* _Requirement_
All of the listing must be given again exactly, except that the images are dropped.

* _Data extract_

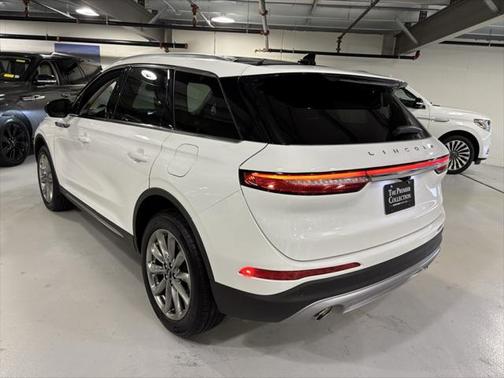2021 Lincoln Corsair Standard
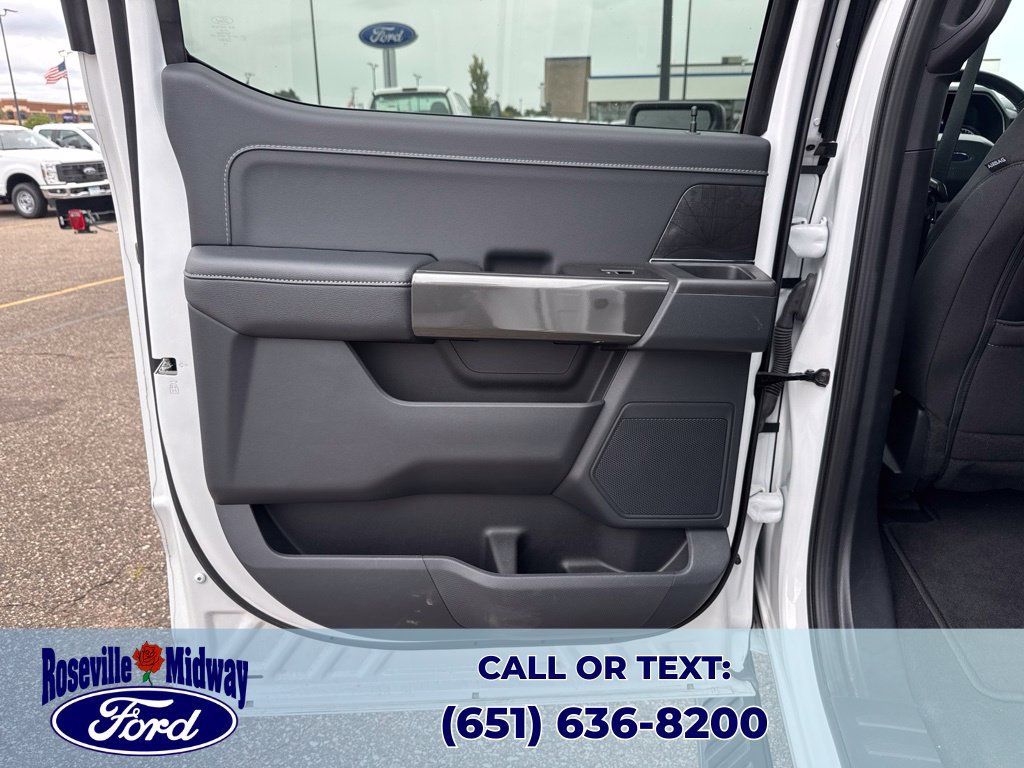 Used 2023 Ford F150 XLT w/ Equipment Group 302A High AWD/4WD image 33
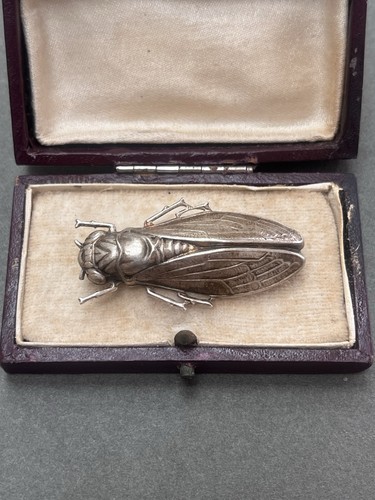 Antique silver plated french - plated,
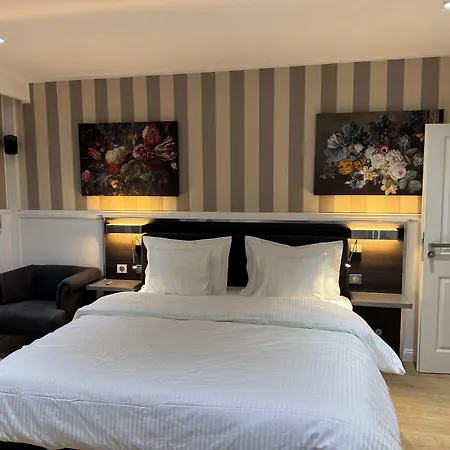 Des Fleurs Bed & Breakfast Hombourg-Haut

* _Output of the task_
2021 Lincoln Corsair Standard
 Used 2023 Ford F150 XLT w/ Equipment Group 302A High AWD/4WD image 33
 Antique silver plated french - plated,
 Des Fleurs Bed & Breakfast Hombourg-Haut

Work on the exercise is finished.